Plaintiff appeals from the order of September 9, 1957, reducing arrearages and modifying the decree as to support for the minor children.
Defendant failed to make any support payments and in June, 1956, when he was $800 in arrears, plaintiff filed her petition praying for an order to show cause why he should not be punished for contempt.
*634 An order to show cause was issued, and on August 10, 1956, defendant filed his "petition to cancel arrearages, and suspend temporary alimony and payments." In his petition, after alleging that the decree of divorce was entered in January, 1956, defendant stated:
"That thereafter, on the 27th day of February, 1956, plaintiff herein took said children to the country of Germany, after announcing to defendant her intention of never returning to the United States or allowing him to see the children again. * * *
"That he has also been informed that said children are being well taken care of and supported by the family of plaintiff who are well to do and earning large sums of money. * * *
"That while defendant is aware of his obligation to support his children, he feels that he should not be ordered to do so, so long as said children are permanently removed beyond the jurisdiction of the courts of the United States."
August 19, 1957, plaintiff answered defendant's petition, admitting that "she took the children to Germany with the knowledge and consent of the defendant," and stating that before the divorce was granted she informed the conciliator of the Macomb county circuit court that she intended to take the children to Germany if the decree were granted and she was given custody of the children, and the conciliator made known this fact to the court in his report. The record sustains plaintiff in this regard, and shows that on January 3, 1956, the conciliator's report to the court was filed, recommending that plaintiff be given custody of the children and that the defendant should pay $14 per child per week, or a total of $56 per week for their care and support. The report contains the further statement:
"Plaintiff, Henny Verbeke, intends to live in Europe with the children if and when the circuit *635 court grants a decree of divorce to the parties herein."

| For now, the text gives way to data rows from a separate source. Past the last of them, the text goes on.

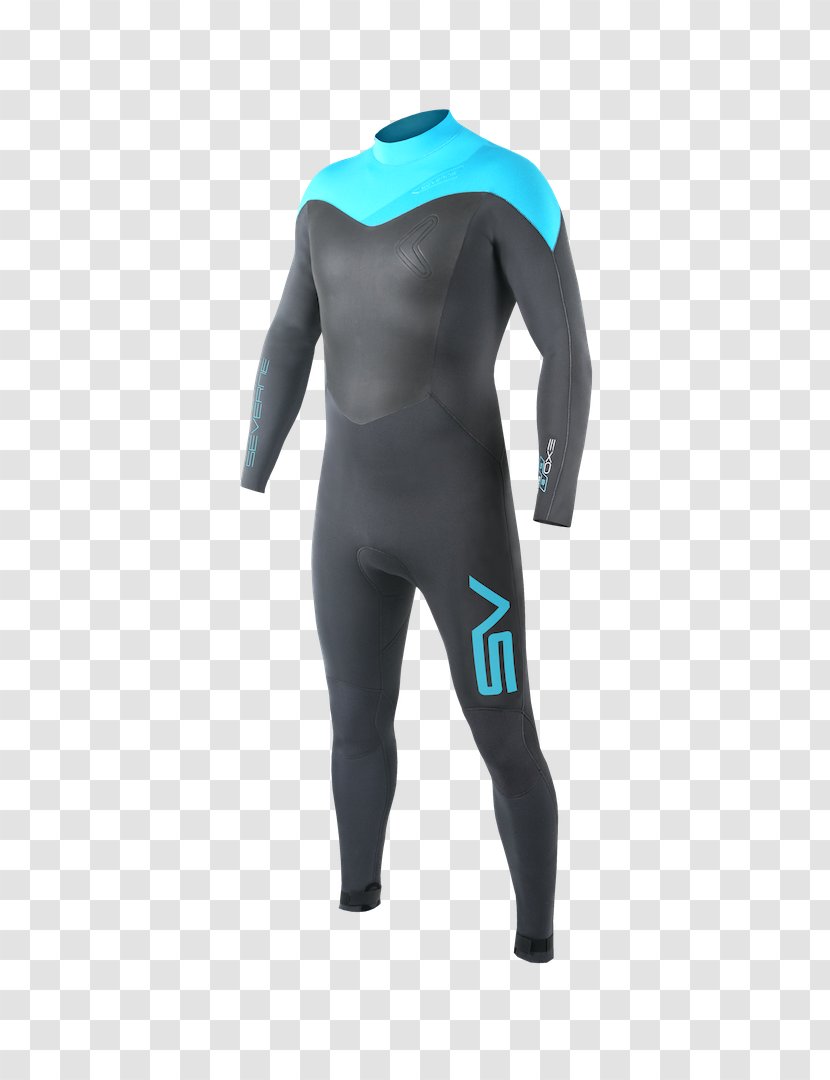 Wetsuit Windsurfing Zipper - Aqua - Exo Suit Transparent PNG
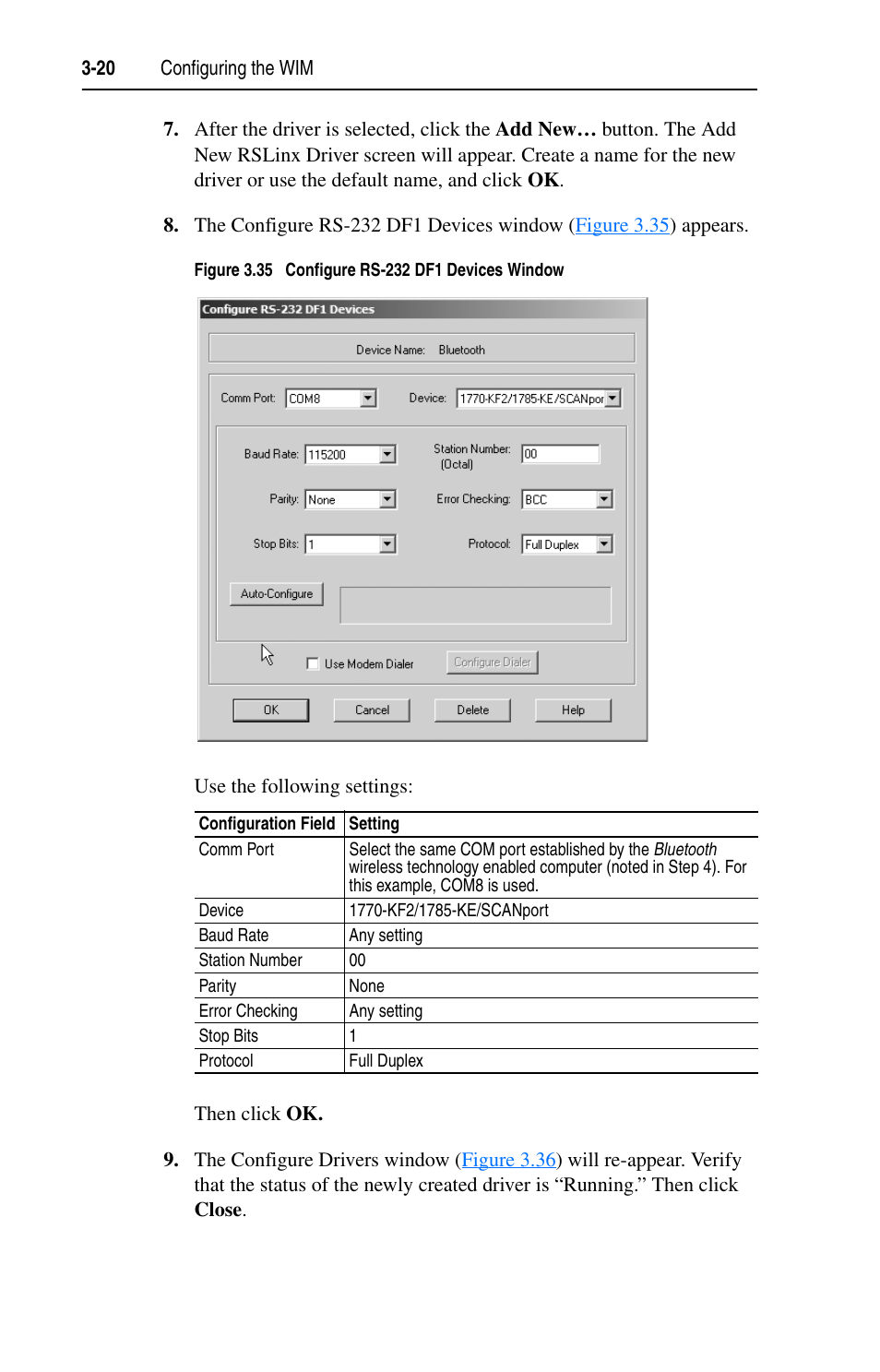 Rockwell Automation 22-WIM-N1 DSI Wireless Interface Module User Manual | Page 40 / 100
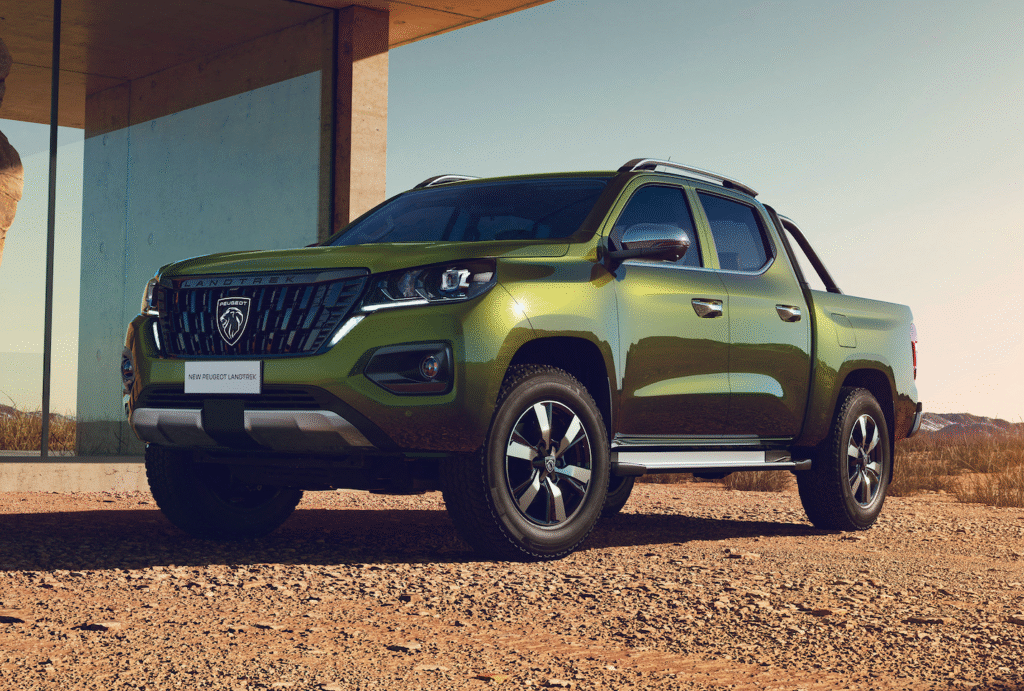 Peugeot Landtrek 2026 : un
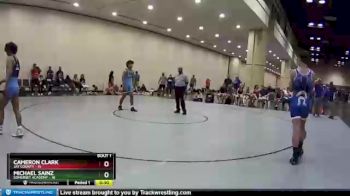 152 lbs Round 1 (10 Team) - Luis Bellon, Somerset Academy vs Landon Mills-Blowers, Jay County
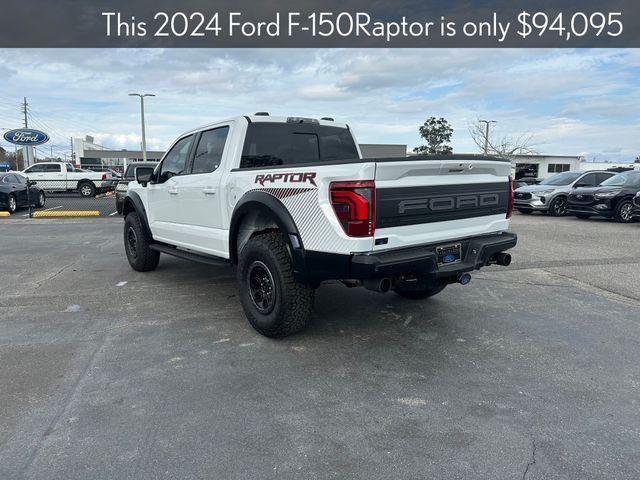 new 2024 Ford F-150 car, priced at $94,095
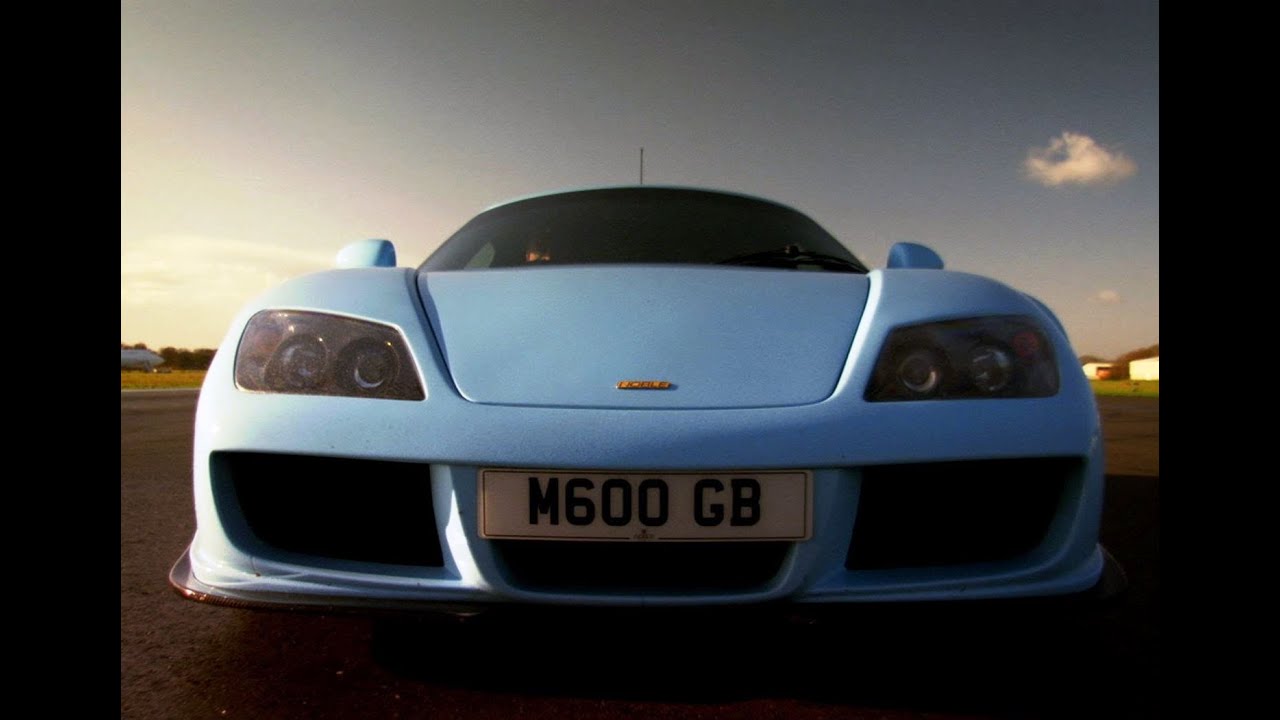 Noble M600 Track Test | Top Gear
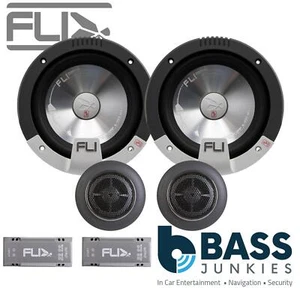 Fli COMP 6-F3 6.5" 17CM 2 Way 255 watts Component Car Door Speakers - Picture 1 of 5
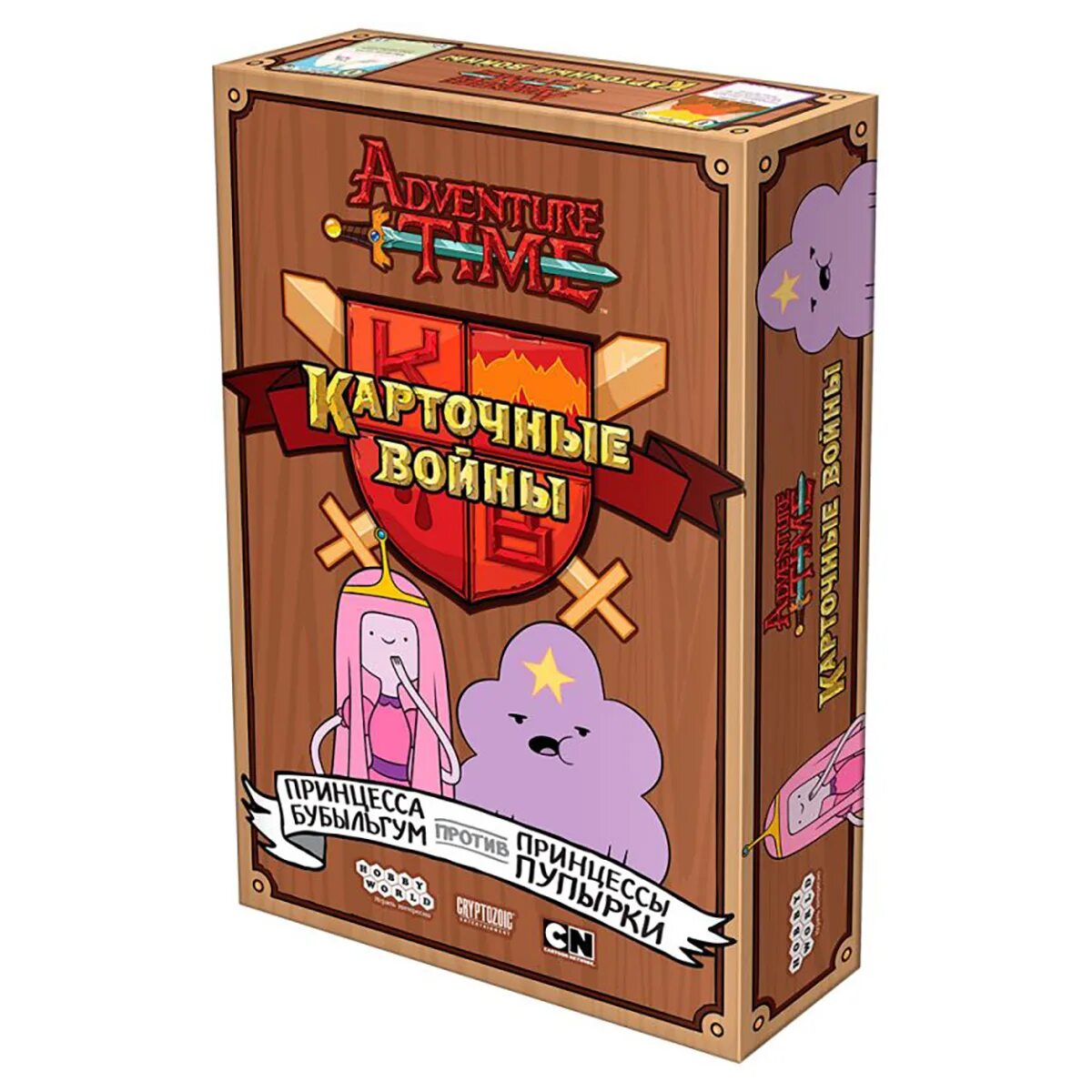Hobby world время приключений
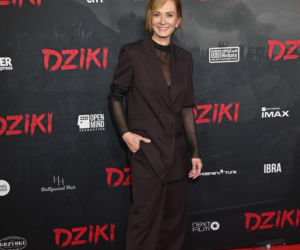 Anita Sokołowska zmieniła kolor włosów. Tak zaprezentowała się na przedpremierze filmu Dziki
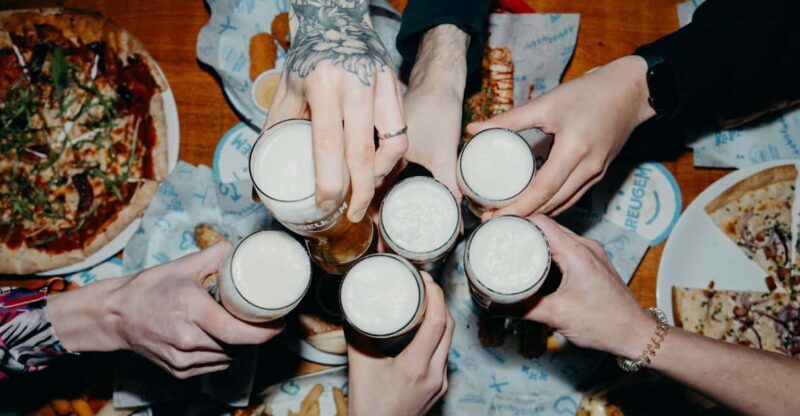 Breugem Meeting Point: Beer tasting - Breugem Meeting Point: Beer tasting - A Flavorful Step into Amsterdam’s Craft Beer Scene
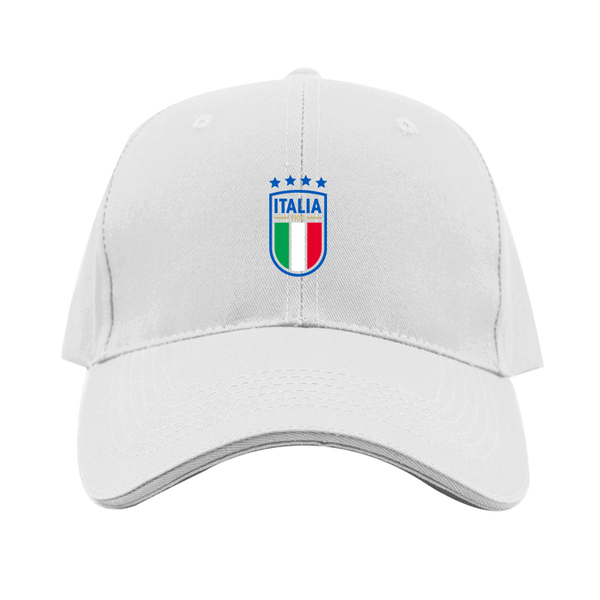 Italy National Soccer Dad Baseball Cap Hat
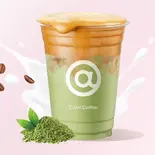 抹茶ムースラテ（Cotti Coffee コッティコーヒー 心斎橋店）
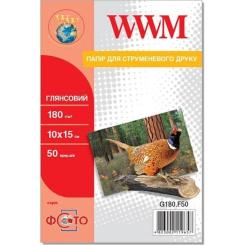 Фотобумага WWM 10x15 Фото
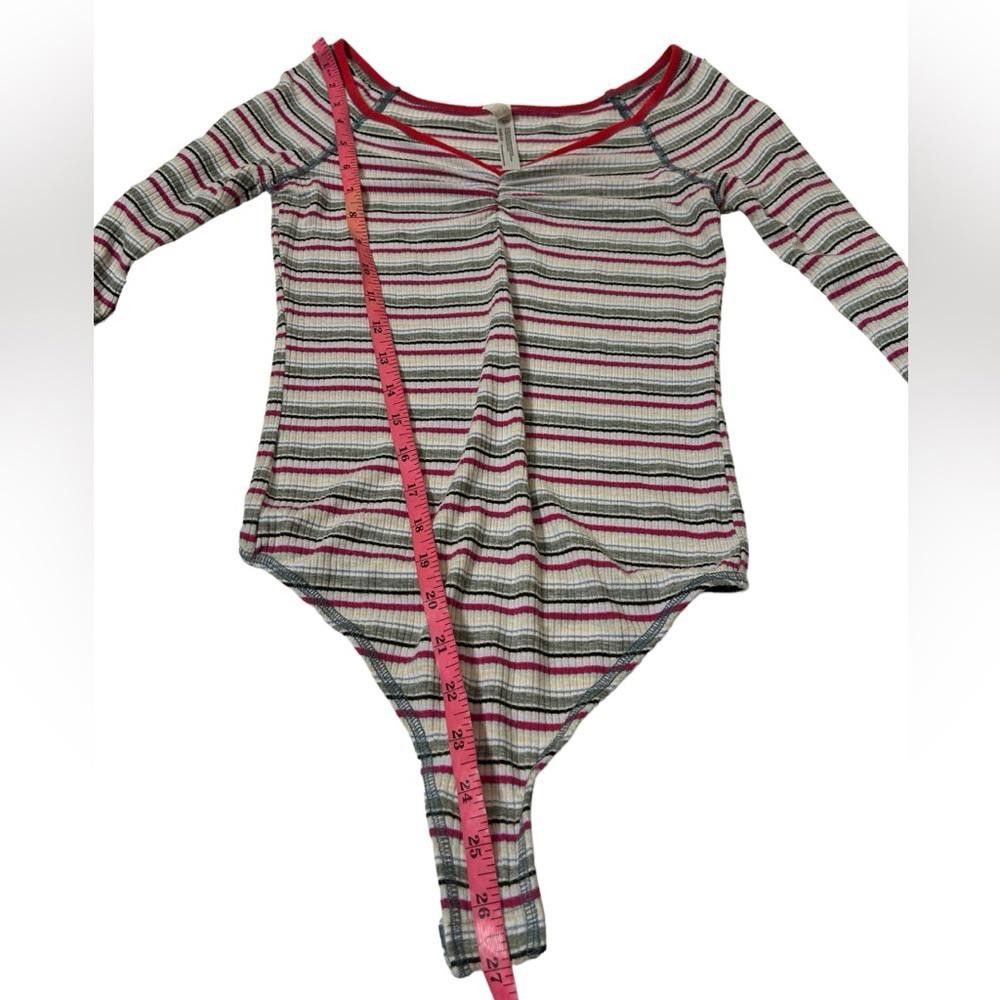 Free People Free People l Put A Stripe On It Bodysuit Small Size S / US 4 / IT 40 - 4 Thumbnail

Defendant's petition of August 10, 1956, to cancel arrearages and modify decree was referred to the conciliator, who filed his report to the court on August 29, 1956, stating:
"It is the recommendation of this office that the defendant's petition to cancel arrearages, and suspend temporary alimony and support payments be denied."
No testimony was taken by the court before entering the order of modification. Defendant did not contend that his financial condition had changed, but called attention to the fact that plaintiff could purchase more per dollar in Europe than she could purchase per dollar in the United States. This fact did not justify the court's order of modification.
Justice WIEST in Tuthill v. Tuthill, 259 Mich. 272, 274, stated:
"The petition did not state any ground for modification of the award in the decree. No new facts or change of circumstances, arising after the decree, were alleged. This was fatal upon the question of modification." (Citing cases.)
In Slater v. Slater, 327 Mich. 569, 571, 572, this Court said:
"The trial court may not modify a divorce decree with reference to weekly payments for child support except on a showing of change of circumstances which justifies such modification. * * * The fact that defendant is earning $21 per week does not inure to plaintiff's benefit as a change of circumstances diminishing his obligation to support his children. Renn v. Renn, 318 Mich. 230.
"`No new facts or change in condition of the parties arising since the decree to justify its modification are shown. It is well settled that in the absence *636 of such showing the decree may not be so modified. Smith v. Smith, 139 Mich. 133; Quinn v. Quinn, 226 Mich. 239. * * * It is also settled that this proceeding is "not a rehearing of the original case, or a review of the equities of the original decree." Sherman v. Kent, 223 Mich. 200.' Gould v. Gould, 226 Mich. 340."
There was no showing of new facts or change in condition and the order modifying the decree is set aside and vacated and the case remanded to the Macomb circuit court to carry forward the provisions of the decree, both in regard to arrearages and future payments to be made under said decree. Costs to appellant.
DETHMERS, C.J., and CARR, SMITH, BLACK, EDWARDS, VOELKER, and KAVANAGH, JJ., concurred.